Family history at Rowley's
Michael Norton, who lives in California but reads TJI via SunSpot.net, recalls the wonderful evening at old Rowley's Bar in West Baltimore -- now reopened as Patrick's of Pratt Street (TJI, April 14) -- when his ancestors seemed to step out of the walls.
"A friend and I sat down, and Tom Rowley got us a couple of beers. I walked back to use the men's room and stopped to look at some old photographs in the hallway. I couldn't believe it -- a photograph of my father and his brother, dressed as altar boys, outside St. Peter the Apostle Roman Catholic Church (circa 1928). I knew my father had grown up in the neighborhood, but I didn't have too many details.
"Tom Rowley knew exactly who the boys were, by name, and where they lived. When I told him it was my father and uncle, he yelled to all the locals that my name is Norton and I'm the son of Gordon Norton and the nephew of Dr. Jack Norton, and the grandson of Dr. John Norton.

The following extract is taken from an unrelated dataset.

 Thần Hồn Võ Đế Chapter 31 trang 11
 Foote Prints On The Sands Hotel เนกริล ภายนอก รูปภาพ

"Within seconds, we're surrounded by guys in their 50s and 60s who tell me how my grandfather had treated their families during the Depression and never charged them. I learned more about my father, his family, the neighborhood and the Irish in those few hours than I had learned in the previous 30 years, and I learned more about myself, relationships, friendships and the importance of neighborhoods than I've learned in the 20 years since.
"Later I told my father I had seen Tom, the bar, the locals. He was quite sick at the time and he seemed pleased, in a distant kind of way, an Irish kind of way. He did smile, a little. He died a short time later.
"I never went back to Rowley's. I wanted to visit Tom and ask a hundred more questions, and share a hundred more thoughts. However, I think that was one of those moments. I think I wandered into Rowley's and met Tom and the locals that night for a reason, and I wasn't meant to go back."
Led to lingerie
Sisqo, the Baltimore R&B; singer enjoying a long ride with his first solo album, must take pride in having writ music that moves men. With one song, he's inspired young dudes to do that thong thang for their girlfriends and wives. Sisqo's catchy and salacious single, "Thong Song," has kept his album on the charts and sent his male fans where many had dared not go -- to the naughty tables at Victoria's Secret and other lingerie stores. And some guys sing Sisqo's song while they're shopping.
A fine idea
Baltimore's tourism department might want to take a hint from Portland, Maine, a city that appreciates its visitors so much it tears up their parking tickets. Illegally parked vehicles with out-of-state tags receive a citation with a first line that says, "You may not have to pay this." Read on and it says, "Since this violation may have been an oversight on your part, the city will automatically void one violation per calendar quarter." Instead of a $15 fine, visitors get a gracious "we value your visit" note and a map detailing numerous downtown parking locations. Forget the fine, keep the map, come back and park legally on the next trip north. It's a beautiful thing.
"I agree," says TJI's cultural correspondent Joey Amalfitano. "And anybody who drives into downtown to do something after 6 o'clock not only shouldn't have to feed a meter, they ought to get a free house."